Currently, the challenge is in the “Ideas” phase where they are crowdsourcing ideas from innovators around the world. Ideas should reduce food waste, be innovative, human-centered, think big and smart and focus on relationships. After an iterative refinement phase, top ideas from the challenge will be evaluated by challenge sponsors (including the Rockefeller Foundation), an advisory panel and other collaborators. Additionally, the Closed Loop Foundation will offer $25,000 to qualifying Top Ideas and fast-track them for consideration of additional funding as part of their Food Waste Innovation and Solution Search.

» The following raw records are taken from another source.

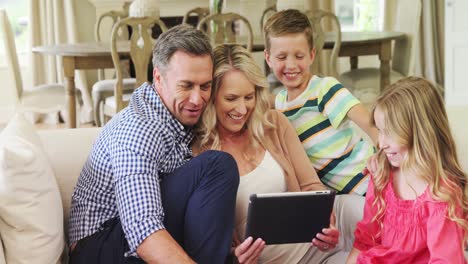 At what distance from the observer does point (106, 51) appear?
407cm

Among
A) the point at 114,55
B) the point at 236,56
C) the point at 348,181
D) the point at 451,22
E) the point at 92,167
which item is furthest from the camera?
the point at 451,22

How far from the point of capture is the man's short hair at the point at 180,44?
1.83 metres

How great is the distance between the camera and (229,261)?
1850 mm

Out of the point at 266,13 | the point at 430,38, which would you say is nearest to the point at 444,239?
the point at 266,13

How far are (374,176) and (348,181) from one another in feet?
1.33

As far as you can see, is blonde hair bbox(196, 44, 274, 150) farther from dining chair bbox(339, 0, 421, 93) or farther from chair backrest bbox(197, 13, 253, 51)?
dining chair bbox(339, 0, 421, 93)

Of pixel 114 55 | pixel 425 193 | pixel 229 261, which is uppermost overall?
pixel 114 55

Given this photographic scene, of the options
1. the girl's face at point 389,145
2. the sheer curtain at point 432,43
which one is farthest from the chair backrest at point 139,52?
the sheer curtain at point 432,43

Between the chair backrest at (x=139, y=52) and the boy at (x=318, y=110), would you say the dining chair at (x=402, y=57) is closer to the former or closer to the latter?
the chair backrest at (x=139, y=52)

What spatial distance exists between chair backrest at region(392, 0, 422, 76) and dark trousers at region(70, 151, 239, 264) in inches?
120

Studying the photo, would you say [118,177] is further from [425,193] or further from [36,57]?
[36,57]

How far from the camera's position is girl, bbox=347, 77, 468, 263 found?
162 cm

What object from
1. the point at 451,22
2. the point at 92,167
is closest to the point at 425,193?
the point at 92,167

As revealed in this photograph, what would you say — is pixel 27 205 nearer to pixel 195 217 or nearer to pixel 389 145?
pixel 195 217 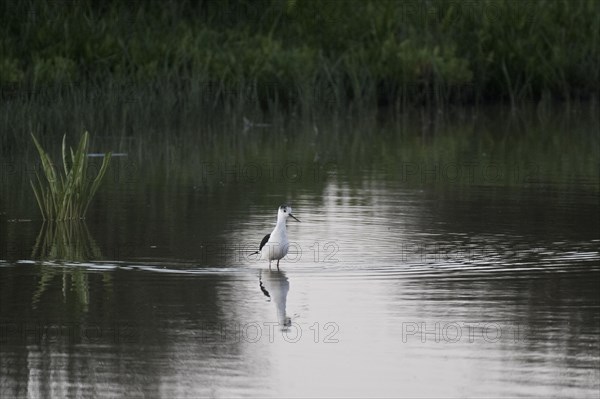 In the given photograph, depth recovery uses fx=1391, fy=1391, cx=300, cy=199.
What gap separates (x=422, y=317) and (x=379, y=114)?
17686 millimetres

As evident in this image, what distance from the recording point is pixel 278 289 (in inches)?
346

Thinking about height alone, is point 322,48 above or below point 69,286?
above

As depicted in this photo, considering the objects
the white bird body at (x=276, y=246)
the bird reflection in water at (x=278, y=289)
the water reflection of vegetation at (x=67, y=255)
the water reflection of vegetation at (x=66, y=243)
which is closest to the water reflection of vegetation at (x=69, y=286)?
the water reflection of vegetation at (x=67, y=255)

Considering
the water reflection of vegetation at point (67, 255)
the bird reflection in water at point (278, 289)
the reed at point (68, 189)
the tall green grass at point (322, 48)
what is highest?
the tall green grass at point (322, 48)

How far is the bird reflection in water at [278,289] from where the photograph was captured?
7.83 metres

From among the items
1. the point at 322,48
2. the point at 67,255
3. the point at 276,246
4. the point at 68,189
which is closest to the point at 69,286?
the point at 67,255

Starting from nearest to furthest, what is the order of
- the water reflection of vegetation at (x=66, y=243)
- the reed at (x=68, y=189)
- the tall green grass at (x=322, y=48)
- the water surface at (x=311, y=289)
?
the water surface at (x=311, y=289) < the water reflection of vegetation at (x=66, y=243) < the reed at (x=68, y=189) < the tall green grass at (x=322, y=48)

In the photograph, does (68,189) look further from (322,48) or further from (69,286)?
(322,48)

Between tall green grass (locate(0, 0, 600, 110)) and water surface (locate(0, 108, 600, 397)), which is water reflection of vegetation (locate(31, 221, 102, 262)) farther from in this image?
tall green grass (locate(0, 0, 600, 110))

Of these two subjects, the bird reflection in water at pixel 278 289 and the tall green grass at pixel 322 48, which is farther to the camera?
the tall green grass at pixel 322 48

In the first month of research a number of interesting themes emerged:
1) Spark Waste Movements: Around the world, social innovators are organizing their communities at a local level. How can design support innovators to scale their interventions?
– Activate local communities
– Create food-share networks for local communities
2) Waste Means Business: Food waste is being repurposed as business opportunities. How might we support new business ventures around repurposing food waste?
[See our story on Chef Dan Barber’s fine dining popup wastED]
– Repurpose scraps to create new foods
– Re-imagine throwaways as business opportunities
Kosuke Araki transforms food waste into tableware
3) Change Our Ways: How might design help us re-imagine our personal relationship with food to adopt a more frugal mindset around eating?
– Challenge social norms surrounding food waste
– Portion control
4) Share Your Meal: Every effort to reduce food waste also creates opportunities to fight hunger. How to collect and redistribute surplus food to tackle food insecurity?
– Share a meal with someone in need
5) Set the Bar: Reducing food waste starts with defining what good waste management looks like. How might we develop new benchmarks and measurement tools to help companies improve their waste management practices?
– If you can measure it you can improve it
– Incentivize business to cut back on waste
6) Storage and Packaging: Modern day consumer packaging and in-home refrigeration have increased shelf-life of foods but lowered awareness of buying only what we can eat. How can we design smarter consumer packaging and storage methods?
– rethink consumer packaging of food
[See our story on Original Unverpakt, a packaging-free grocer in Berlin]
– Reimagine how produce is stored at home
[See our story on Lund University’s food storage solutions for tomorrow]
7) Explore New Ways: The boundaries of waste managment are being pushed by emerging technologies and processes. How might we incorporate new trends and technologies to re-imagine new possibilities for reducing food waste?
– Build on emerging trends to prevent waste
– Design unique experiences to raise awareness
It’s not too late to enter your ideas for consideration. The Ideas phase of the OpenIDEO Food Waste challenge ends September 16th.